* ASSIGNMENT *
Using the listing below, copy exactly the lines from the one containing "Hohe Herzblume, Tränendes" to the one containing "Фотография № 131981", both lines included, and no others.

*** Opening DATA SUPPLIED ***

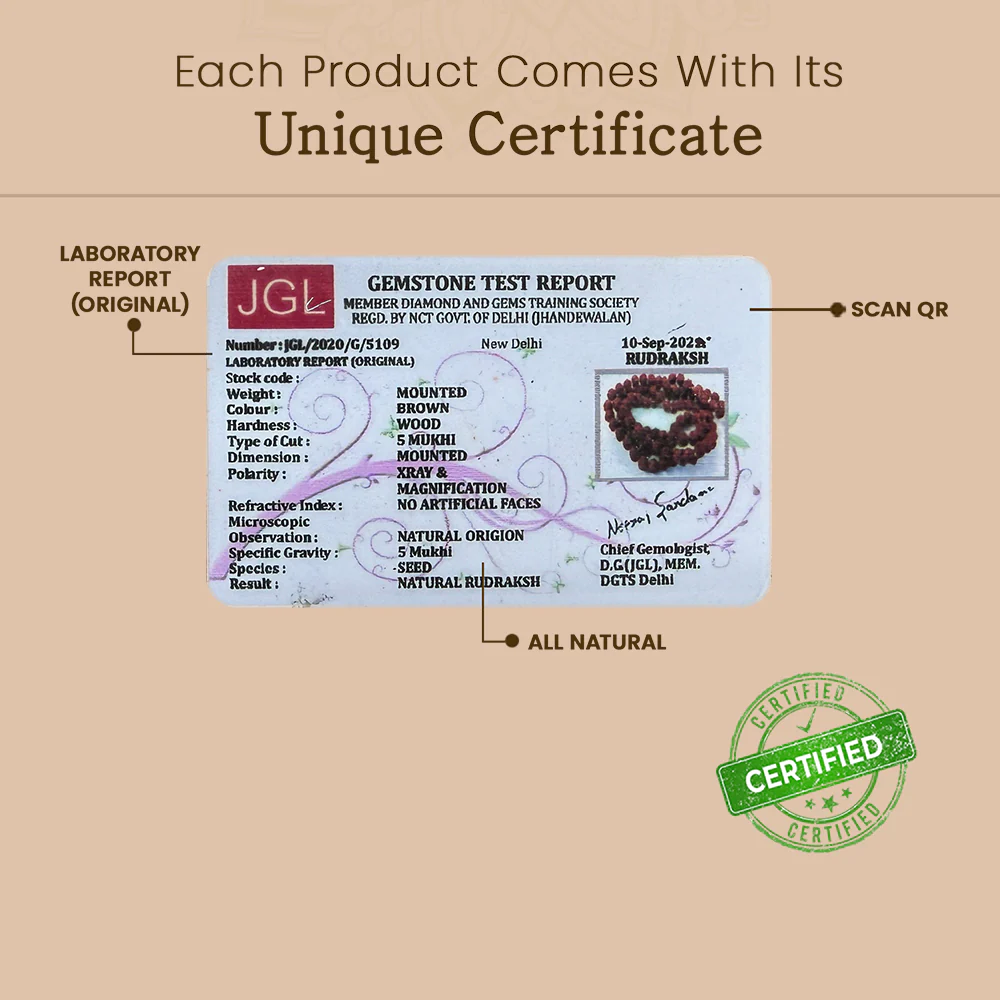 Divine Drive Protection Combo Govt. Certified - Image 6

*** Closing DATA SUPPLIED ***
*** Opening DATA SUPPLIED ***

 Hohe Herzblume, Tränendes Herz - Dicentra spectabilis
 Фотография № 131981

*** Closing DATA SUPPLIED ***

* OUTPUT OF THE EXERCISE *
 Hohe Herzblume, Tränendes Herz - Dicentra spectabilis
 Фотография № 131981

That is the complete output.